When I was a child, my brother and I broke our Mum’s favourite necklace. When Mum asked “Who did this?” we had two options: either fight and blame each other or put the “innocent puppy” look on and hold hands. The latter would do the trick and would bring my brother and I closer together, as we rallied towards a unified goal. Avoiding the inevitable punishment of our Mother.
Now, we can leave the analogy there. But, in reality your sales and marketing team aren't very different from my brother and I. Whether it's business or family – we're all far more productive when we play nice and work together. Often this is the intention, but as pressure mounts and questions are asked we can become wayward in desperate moments. The good news, is that this can all be avoided by setting tin place groundwork for a more productive and positive relationship from the very start. Maybe the below sounds familiar?
Sales And Marketing Are Not Working Together
“Why can’t we be friends?”
For sales working with marketing, and vice versa, is like dieting - you force yourself to do it because it’s good for your future, but inside you just want to go home and eat a $4.95 Domino’s pizza.
The friction between the sales and the marketing team is originated for two main reasons:
1. They have different goals
Marketing guys love analysing things and set long-term projects with a strong foundation, as such increasing brand recognition, generating a healthy inbound marketing strategy or funnel with enough qualified leads for the long haul. However, salespeople move in the fast lane. They have monthly or quarterly quotas to meet, and if they can solve a problem for a prospect, they need the information of the marketing team now to close the sale today.

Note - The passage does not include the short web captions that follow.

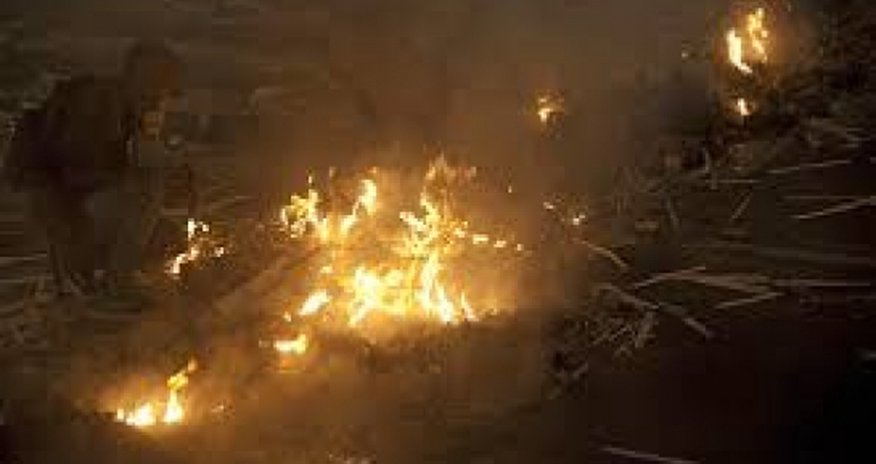 Число погибших при протестах в Венесуэле возросло до 37 человек Число погибших при протестах в Венесуэле возросло до 37 человек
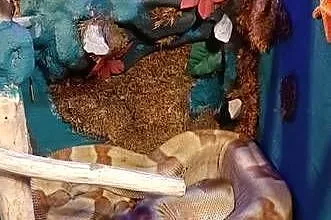 Boa constrictor salmon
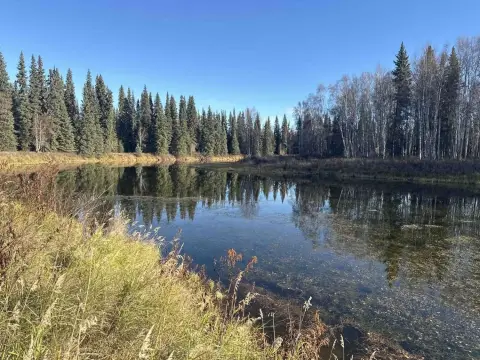 Fairbanks Waterfront Land Parcel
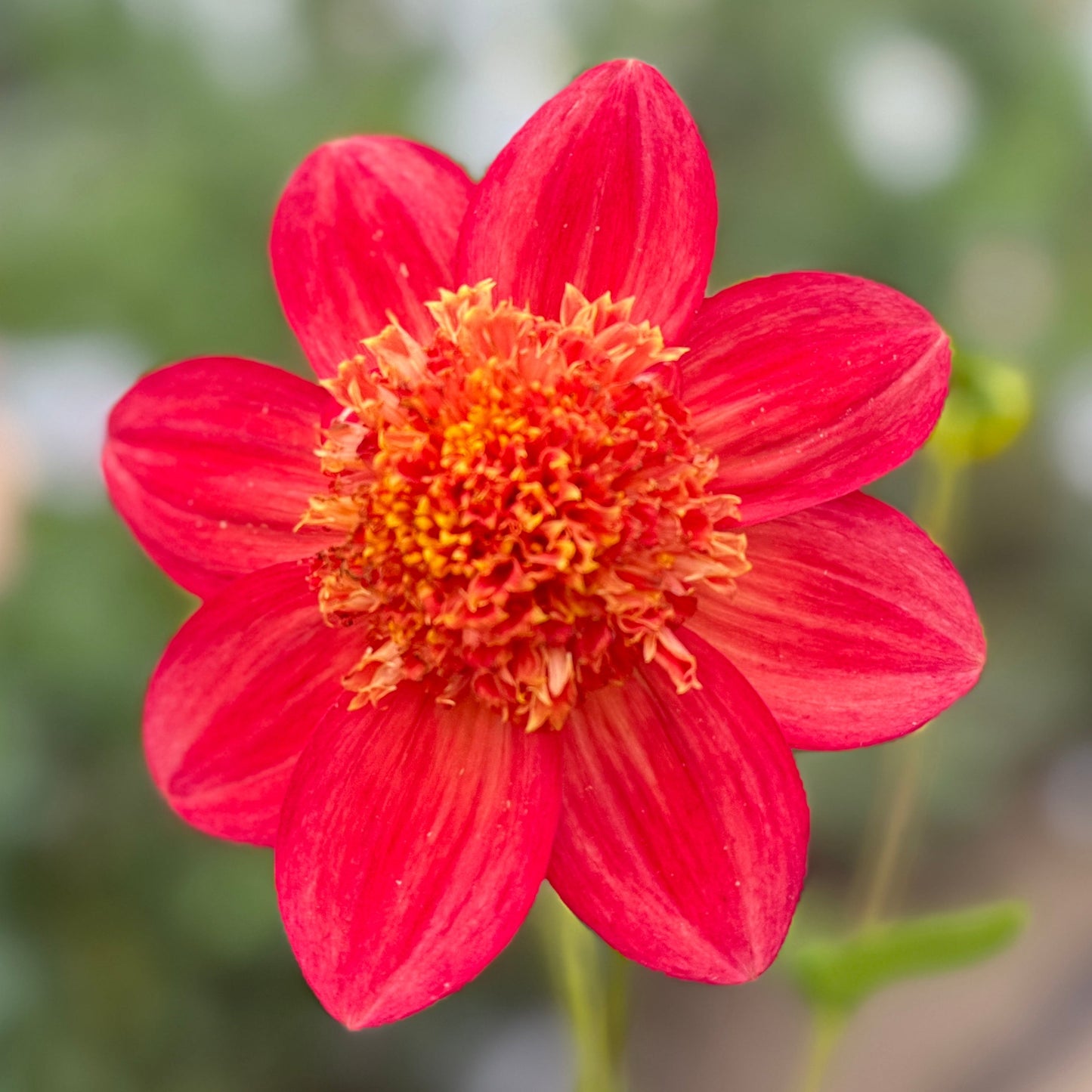 Red flower with a blurred natural background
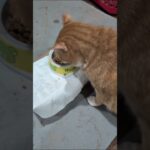 毎朝早く起きるのは大変だよ（泣） #糖尿病網膜症 #元野良猫 #猫のいる暮らし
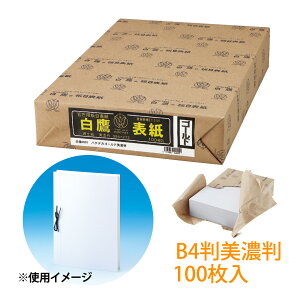  ڕ\ nN^J S[h B4 Z [100] Z  [ pi  { t@CO  ۊ   ی ItBX  wZ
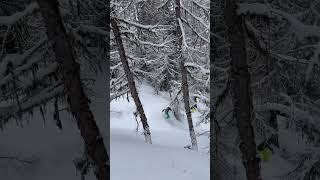 Fantastic Day Powder Skiing through the Trees  La Plagne France [upl. by Weil]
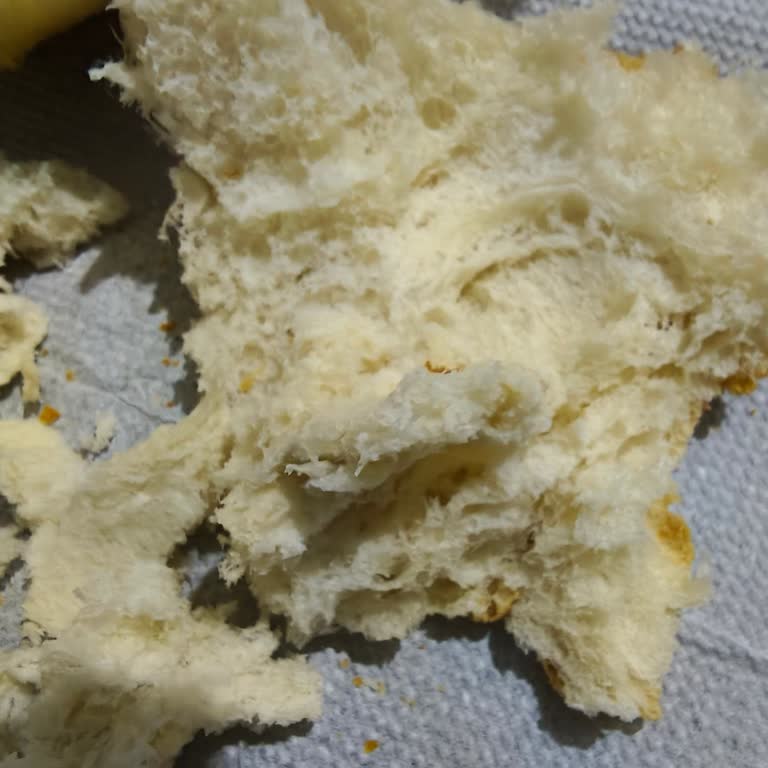 Aldığım Ekmeğin İçinden Lastik Çıkması Ve Güven Sorunu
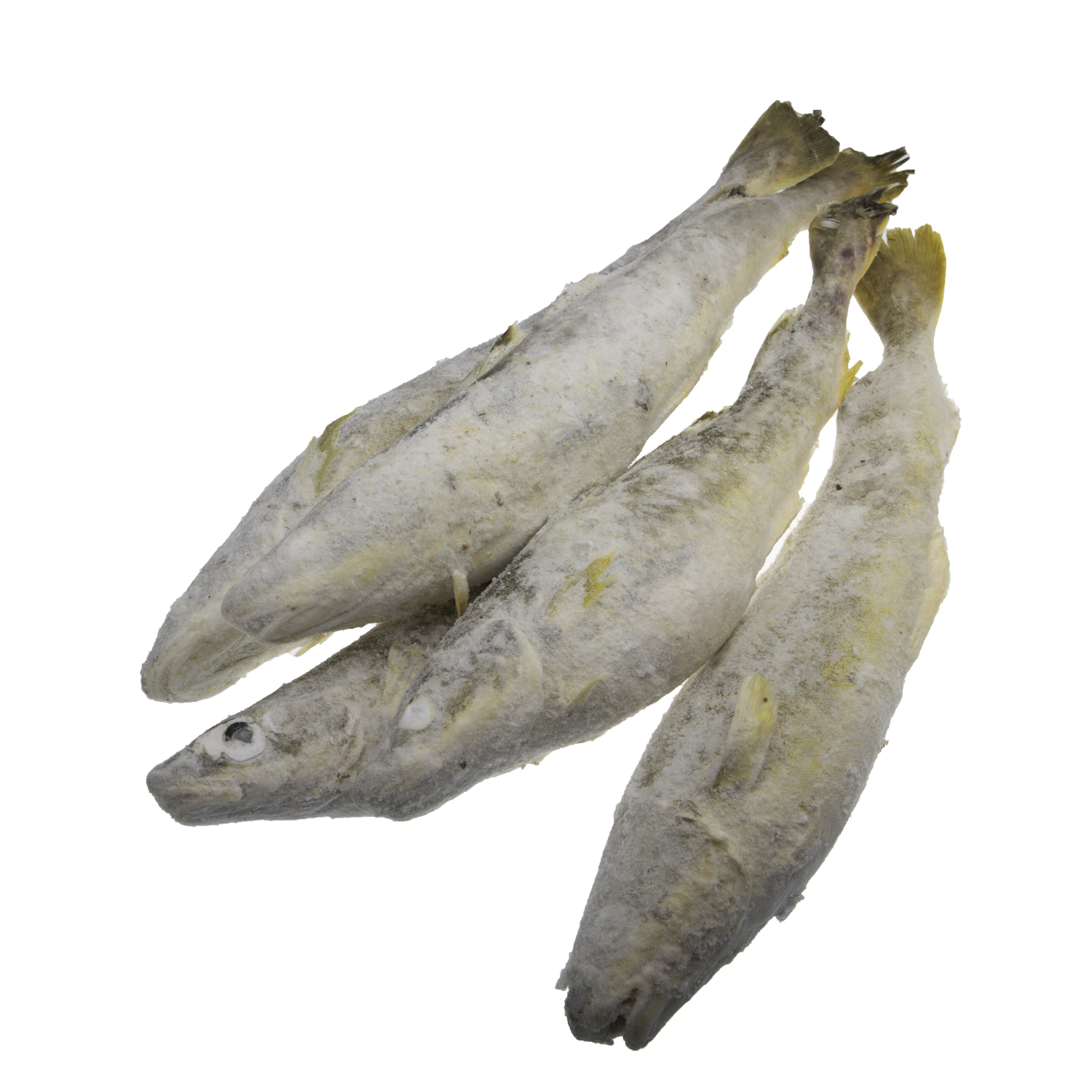 fish for site 3_0002_Layer 10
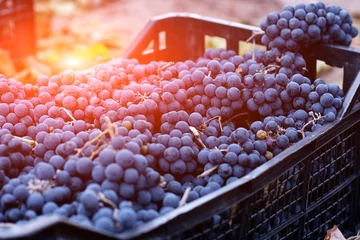 Rolgordijnen Blue grapes for winemaking. Grapes on a branch. Grapes in Baskets Of Blue Grapes Recently Harvested © Aleksandr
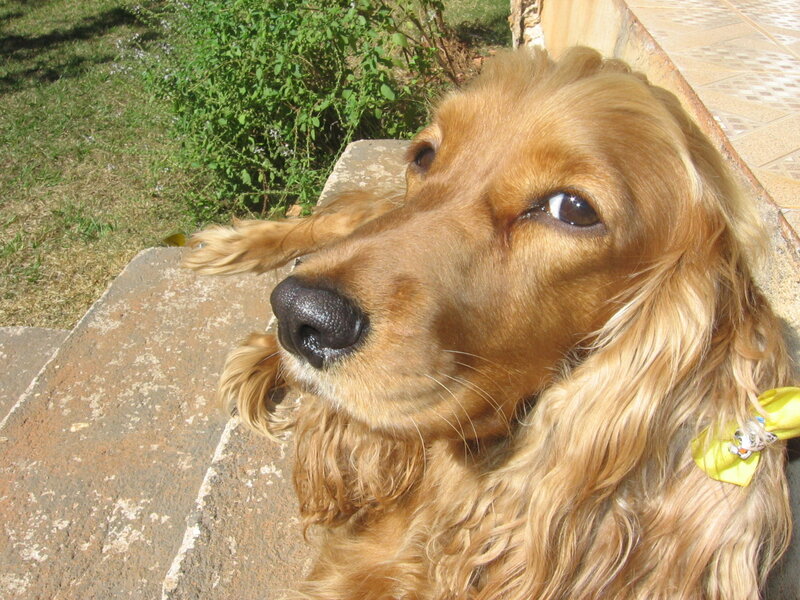 brown dog on stone steps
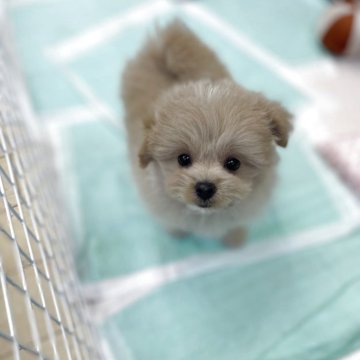 ポメプー(ポメラニアン×トイプードル)【新潟県・女の子・2025年8月30日・クリーム】の写真「幼顔が可愛い女の子❤️」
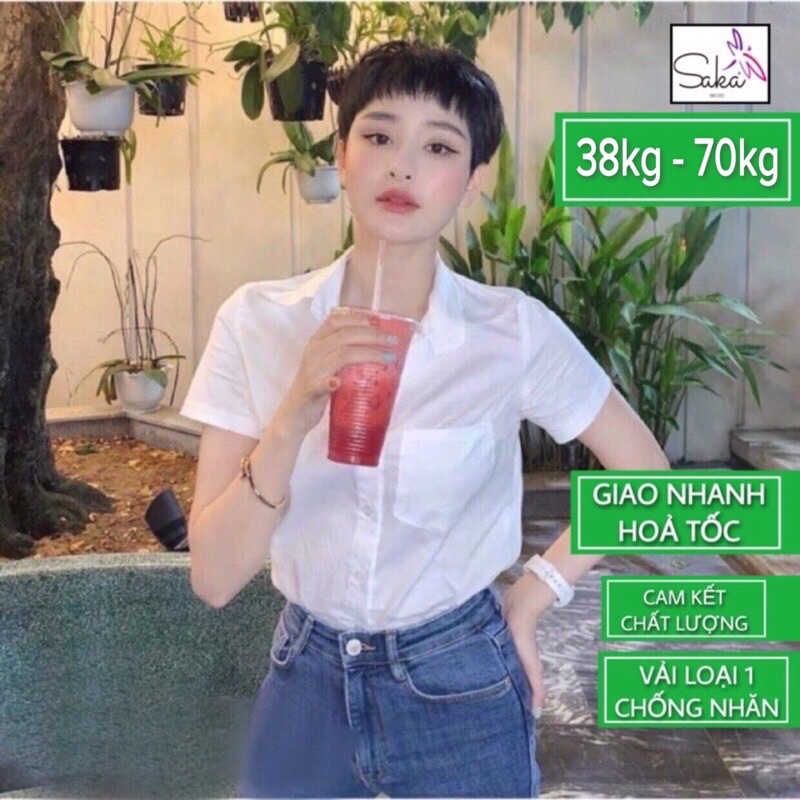 Áo sơ mi trắng nữ tay ngắn có túi kate lụa Hàn không nhăn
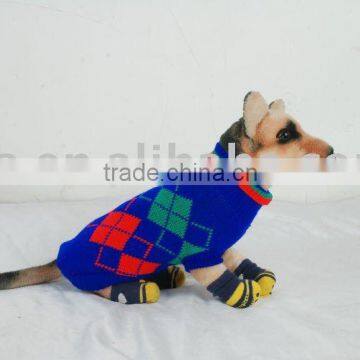 dog clothes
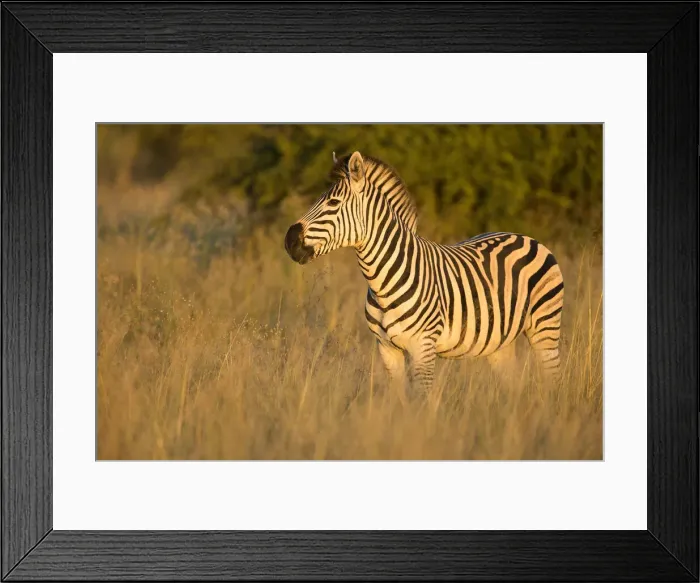 Framed Print : Zebra (Equus quagga), Savuti, Chobe National Park, Botswana, Africa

But sometimes, this information is not available yet. And here’s when they might start yelling at each other
2. Misunderstood roles
Marketers and sales perceive their roles in the sales and revenue generation procedure in a different manner. If you ask a inbound marketing person what they do for business, she will say that their role is strategically thinking and generate. “Generate what?” I asked. “Generate activity, awareness and leads” she screamed while energetically shaking her skinny latte.
Sales, on the other side, works on the fast building side. Establishing personal relationships and generate tangible results. They want to see the results right here, right now.
While different, both teams are engaged in the Buyer’s journey with the same final destination: getting more prospects and bring them to the end of the funnel. By working together to attract qualified leads and create an effective buying experience sales and marketing team can engage with their audiences and hold their hands during the selling and buying processes.
Sales And Marketing Integration
“Make sales, not war”
When marketing and sales can get over their differences and align to work together, magical things happen. They can increase the revenue cycle while cutting the cost of doing business. Most companies spend 30-40% of their revenue on Sales and Marketing activities. This means that if both coordinate themselves, they can optimise not only the company activity and ROI, but also the spending.
The point is having an integrated engagement strategy, wherever and whenever your consumers interact with your company. Marketing and sales activities should be connected to consolidate an improved customer interaction, creating a great knowledge- based relationship with potential and existing customers.
Is essential for marketers to understand the buyer persona and establish a content strategy to communicate with them effectively. The digital environment and social media has created new opportunities to deliver great content through more channels and reach a bigger audience, attracting and nurturing qualified leads.
Here’s the tool the HubSpot marketing team uses to educate Sales on the process of where a lead is at buyer’s journey.
Generally, the potential customers they reach are not ready to buy – yet. Here’s when salespeople influence one buyer at a time when they are closer to the buying decision, acting fast and smart to smoothly drive them towards the end of the funnel. Congratulations teams, you just got a new customer.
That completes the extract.